Bullaun stone, Kilmacomb, Co. Waterford
Co. Waterford |
Holy Sites & Wells
Somewhere in the records of County Waterford's early medieval landscape, a bullaun stone has gone missing. A bullaun is a rounded boulder, typically of some antiquity, into which one or more cup-shaped depressions have been deliberately ground, most likely used for grinding or crushing, though many became associated with holy wells and votive practice over the centuries. The example from Kilmacomb is notable less for what it is than for the fact that it is no longer where it should be: removed, at some point, from the parish church of Kilmacomb, its current whereabouts unrecorded.

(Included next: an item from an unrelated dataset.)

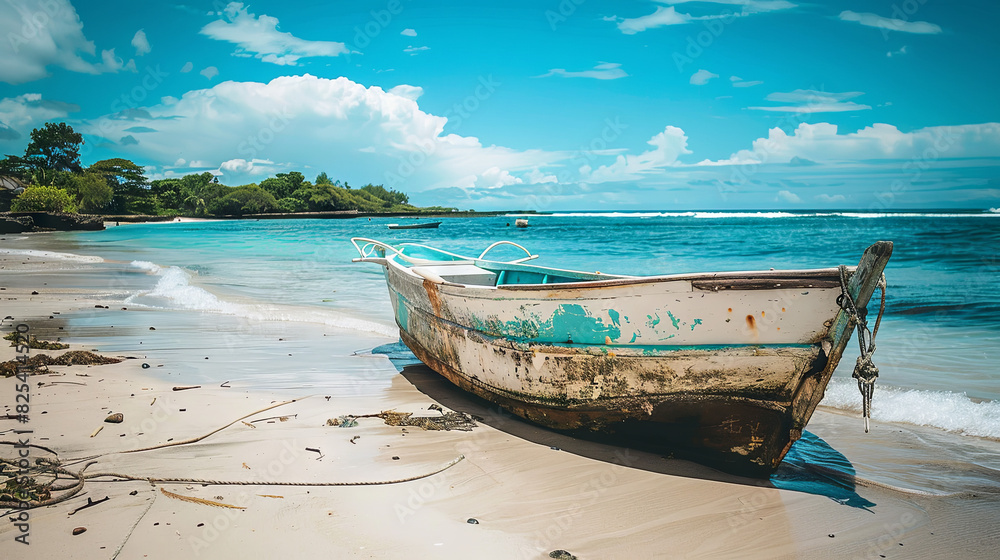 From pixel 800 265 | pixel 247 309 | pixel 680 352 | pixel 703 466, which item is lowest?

The stone was associated with the ruined church at Kilmacomb, a site sitting towards the bottom of a south-facing slope. Its removal was noted in nineteenth-century antiquarian literature, with references appearing in the work of Reverend G. H. Reade, writing in the late 1860s, and Reverend P. Power, whose survey of the ancient ruined churches of County Waterford was published around 1890 to 1891. Both writers seem to have caught the stone at a moment when its displacement was already a matter of record rather than fresh observation, which suggests the removal may have occurred well before either account was written. The qualifying word "possible" attached to its identification adds a further layer of uncertainty: whether the object was a true bullaun, a natural glacial hollow, or something else entirely was perhaps never firmly settled.